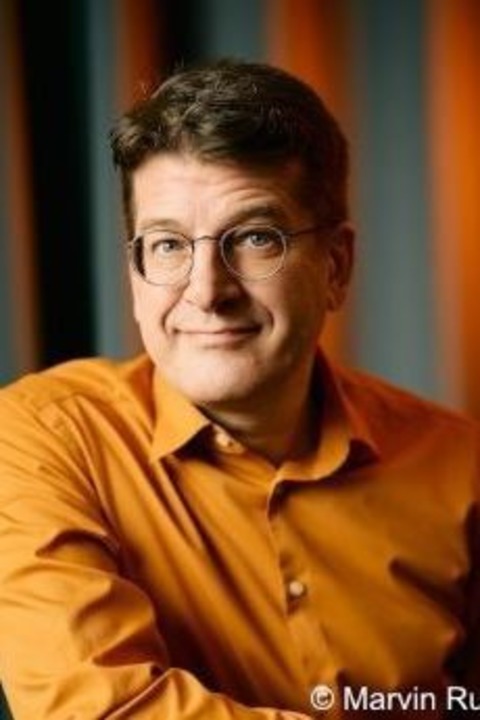 Nils Heinrich: Br�ckentage in �bergangsjacke - G�ttingen - 21.03.2026 20:15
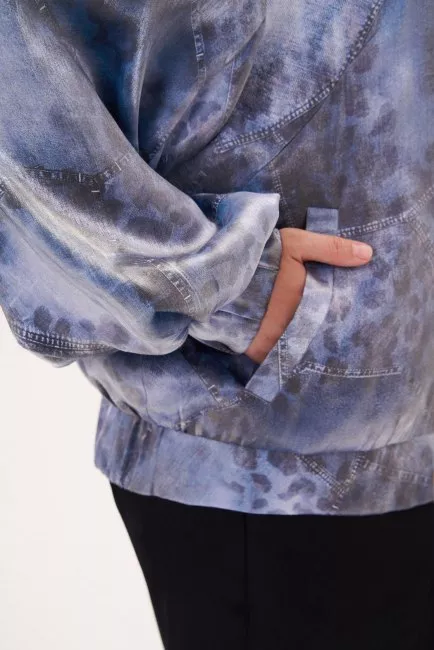 Бомбер из смесовой вискозы с эффектом мокрого шелка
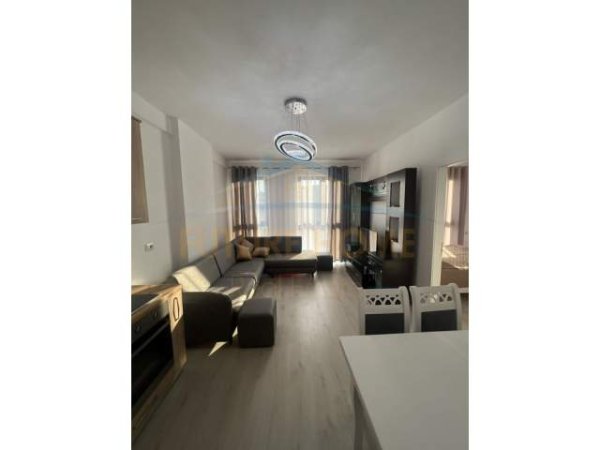 Tirane, shitet apartament 1+1 Kati 3, 61 m² 90.000 Euro (Unaza e Re)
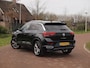 Volkswagen T-Roc 1.5 TSI Sport Business R | 2X R-Line | Sfeerverlichting | Trekhaak | Digital Cockpit | Automaat | NL-Auto |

*Description of the task:* Only the pictures stay out; everything else in the listing above must be repeated exactly.

*Output of the task:*
 Nils Heinrich: Br�ckentage in �bergangsjacke - G�ttingen - 21.03.2026 20:15
 Бомбер из смесовой вискозы с эффектом мокрого шелка
 Tirane, shitet apartament 1+1 Kati 3, 61 m² 90.000 Euro (Unaza e Re)
 Volkswagen T-Roc 1.5 TSI Sport Business R | 2X R-Line | Sfeerverlichting | Trekhaak | Digital Cockpit | Automaat | NL-Auto |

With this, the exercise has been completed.